• **Working data**
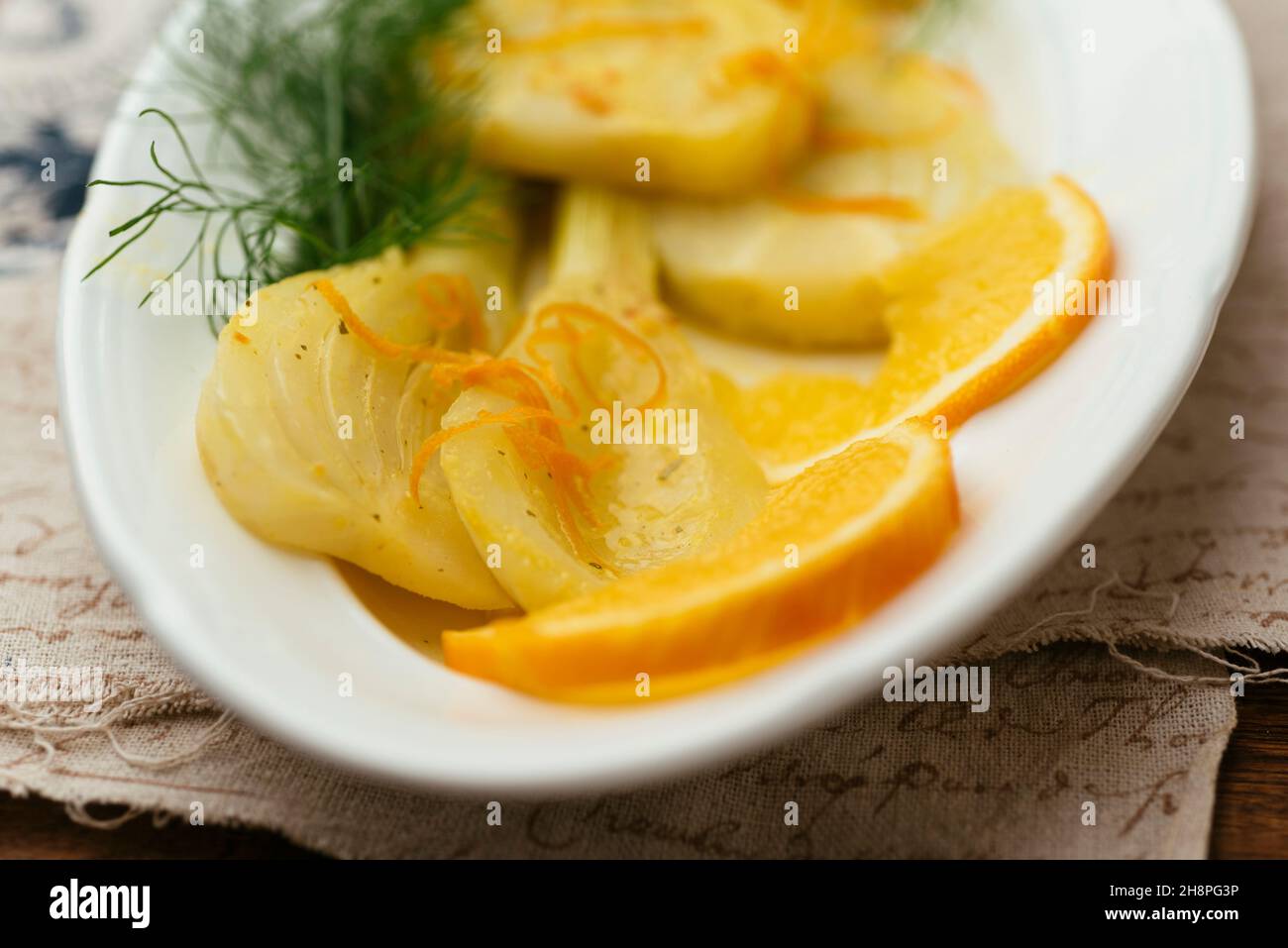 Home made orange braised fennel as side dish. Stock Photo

==

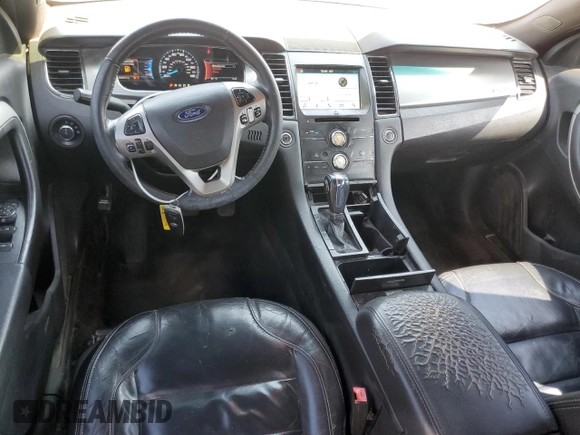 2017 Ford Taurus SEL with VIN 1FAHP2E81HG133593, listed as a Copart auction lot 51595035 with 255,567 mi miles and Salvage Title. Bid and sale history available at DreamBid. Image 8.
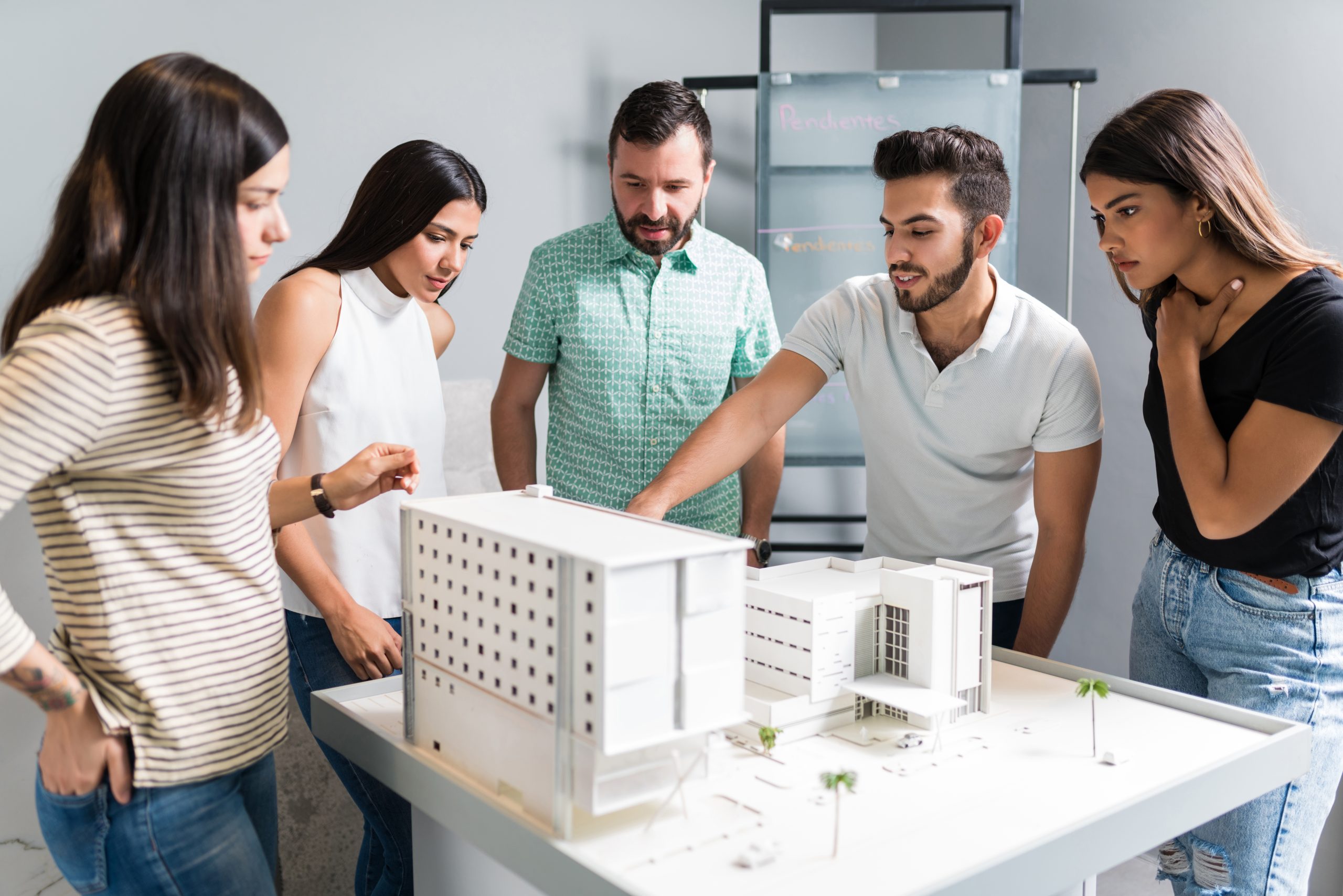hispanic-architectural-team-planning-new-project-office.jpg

---

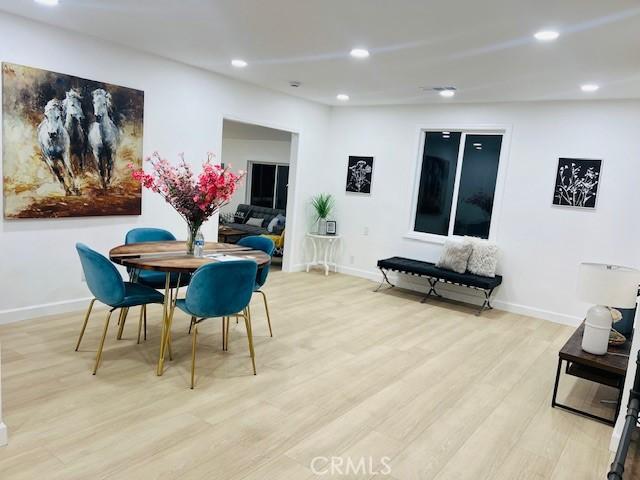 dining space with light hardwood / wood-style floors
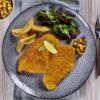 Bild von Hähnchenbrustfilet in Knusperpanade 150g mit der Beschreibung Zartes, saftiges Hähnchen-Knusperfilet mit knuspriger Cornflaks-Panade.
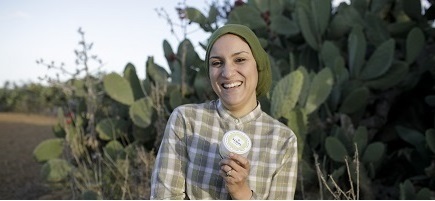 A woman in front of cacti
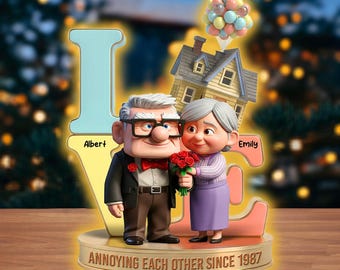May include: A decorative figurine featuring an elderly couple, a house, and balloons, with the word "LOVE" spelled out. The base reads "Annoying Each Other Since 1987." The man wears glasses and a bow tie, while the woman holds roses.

• **What the exercise asks**
Give the lines above again exactly, from the one containing "2017 Ford Taurus" to the one containing "hispanic-architectural-team-planning-new-project-office.jpg", both included, but leave out the pictures.

• **Exercise response**
 2017 Ford Taurus SEL with VIN 1FAHP2E81HG133593, listed as a Copart auction lot 51595035 with 255,567 mi miles and Salvage Title. Bid and sale history available at DreamBid. Image 8.
hispanic-architectural-team-planning-new-project-office.jpg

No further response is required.